Understanding LLM Embeddings for Regression
Eric Tang, Bangding Yang, Xingyou Song
TL;DR
The paper investigates regression using fixed LLM embeddings as downstream features, contrasting with traditional feature engineering and decoding-based methods. It formalizes the regression task with a consistent downstream head and evaluates on both synthetic (BBOB) and real-world (Vizier) tasks, comparing $d_{llm}$ and $d_{trad}$ embeddings. A key contribution is the Normalized Lipschitz Factor Distribution (NLFD), linking embedding smoothness to regression performance, and showing that $LLM$ embeddings often retain performance in high-DOF settings and exhibit nuanced model-size effects. The findings suggest practical implications for embedding-based regression across high-dimensional, non-tabular inputs, while acknowledging limitations and future directions in non-tabular modalities and multi-modal data.
Abstract
With the rise of large language models (LLMs) for flexibly processing information as strings, a natural application is regression, specifically by preprocessing string representations into LLM embeddings as downstream features for metric prediction.

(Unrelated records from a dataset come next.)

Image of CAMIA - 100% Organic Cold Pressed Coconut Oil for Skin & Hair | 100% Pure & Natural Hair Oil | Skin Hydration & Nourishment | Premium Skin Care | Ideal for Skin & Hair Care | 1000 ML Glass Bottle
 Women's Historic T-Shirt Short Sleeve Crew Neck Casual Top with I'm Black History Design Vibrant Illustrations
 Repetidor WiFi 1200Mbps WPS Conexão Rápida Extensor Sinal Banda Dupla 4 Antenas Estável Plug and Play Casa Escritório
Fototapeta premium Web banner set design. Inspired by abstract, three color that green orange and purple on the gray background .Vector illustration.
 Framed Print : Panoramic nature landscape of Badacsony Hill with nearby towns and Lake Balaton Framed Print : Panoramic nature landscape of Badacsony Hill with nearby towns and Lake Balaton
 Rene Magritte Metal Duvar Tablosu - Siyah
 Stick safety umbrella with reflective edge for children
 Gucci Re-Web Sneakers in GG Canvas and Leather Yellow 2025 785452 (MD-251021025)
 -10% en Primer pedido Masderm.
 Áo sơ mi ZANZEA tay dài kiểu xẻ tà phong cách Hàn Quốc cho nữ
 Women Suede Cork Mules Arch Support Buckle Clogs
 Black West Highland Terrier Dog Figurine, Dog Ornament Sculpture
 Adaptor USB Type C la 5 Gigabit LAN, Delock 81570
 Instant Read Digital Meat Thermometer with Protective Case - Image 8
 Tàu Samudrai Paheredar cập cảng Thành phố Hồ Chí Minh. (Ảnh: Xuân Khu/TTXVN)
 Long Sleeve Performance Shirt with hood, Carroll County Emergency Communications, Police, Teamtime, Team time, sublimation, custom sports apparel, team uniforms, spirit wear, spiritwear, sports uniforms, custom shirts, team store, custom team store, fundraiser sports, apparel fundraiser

In this paper, we provide one of the first comprehensive investigations into embedding-based regression and demonstrate that LLM embeddings as features can be better for high-dimensional regression tasks than using traditional feature engineering. This regression performance can be explained in part due to LLM embeddings over numeric data inherently preserving Lipschitz continuity over the feature space. Furthermore, we quantify the contribution of different model effects, most notably model size and language understanding, which we find surprisingly do not always improve regression performance.